Chemical analysis of secondary metabolism

The section Flavi strains were cultivated as three-point cultures on CYA and YES media for 7 days in the dark at 30 °C; subsequently three plugs (6 mm inner diameter) were taken across the colony, 800 µL of isopropanol ethyl acetate (1:3 v/v) with 1% formic acid was added and ultrasonicated for 1 h. The liquid sample was transferred to another tube and evaporated; after this 300 µL of methanol was added to dissolve the pellets and the samples were ultrasonicated for 20 min88,89,90. Samples were then centrifuged at max g-power for 2–3 min, and afterward 150 µL of the supernatant was transferred to HPLC vials91,92,93,94,95,96,97.

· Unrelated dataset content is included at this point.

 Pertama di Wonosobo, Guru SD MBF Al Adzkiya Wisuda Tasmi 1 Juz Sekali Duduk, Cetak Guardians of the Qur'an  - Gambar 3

Ultra-high-performance liquid chromatography–diode array detection–quadrupole time-of-flight mass spectrometry (UHPLC–DAD–QTOFMS) was performed on an Agilent Infinity 1290 UHPLC system equipped with a diode array detector. Separation was obtained on a 250 × 2.1 mm i.d., 2.7 µm, Poroshell 120 Phenyl Hexyl column (Agilent Technologies, Santa Clara, CA) held at 60 °C. The sample, 1 µL, was eluted with a flow rate of 0.35 mL min–1 using A: a linear gradient 10% acetonitrile in Milli-Q water buffered with 20 mM formic acid increased to 100% in 15 min, staying there for 2 min before returning to 10% in 0.1 min, held for 3 min before the following run.

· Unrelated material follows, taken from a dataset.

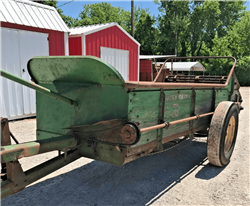 JOHN DEERE N PTO DRIVE MANURE SPREADER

Mass spectrometry (MS) detection was performed on an Agilent 6545 QTOF MS equipped with an Agilent dual-jet stream electro spray ion (ESI) source with a drying gas temperature of 160 °C, gas flow of 13 L min–1, sheath gas temperature of 300 °C, and flow of 16 L min–1. Capillary voltage was set to 4000 V, and nozzle voltage, to 500 V in positive mode. MS spectra were recorded as centroid data, at an m/z of 100–1700, and auto MS/HRMS fragmentation was performed at three collision energies (10, 20, and 40 eV), on the three most intense precursor peaks per cycle. The acquisition was 10 spectra s−1. Data were handled in the software Agilent MassHunter Qualitative Analysis (Agilent Technologies, Santa Clara, CA).

Reporting summary

Further information on research design is available in the Nature Research Reporting Summary linked to this article.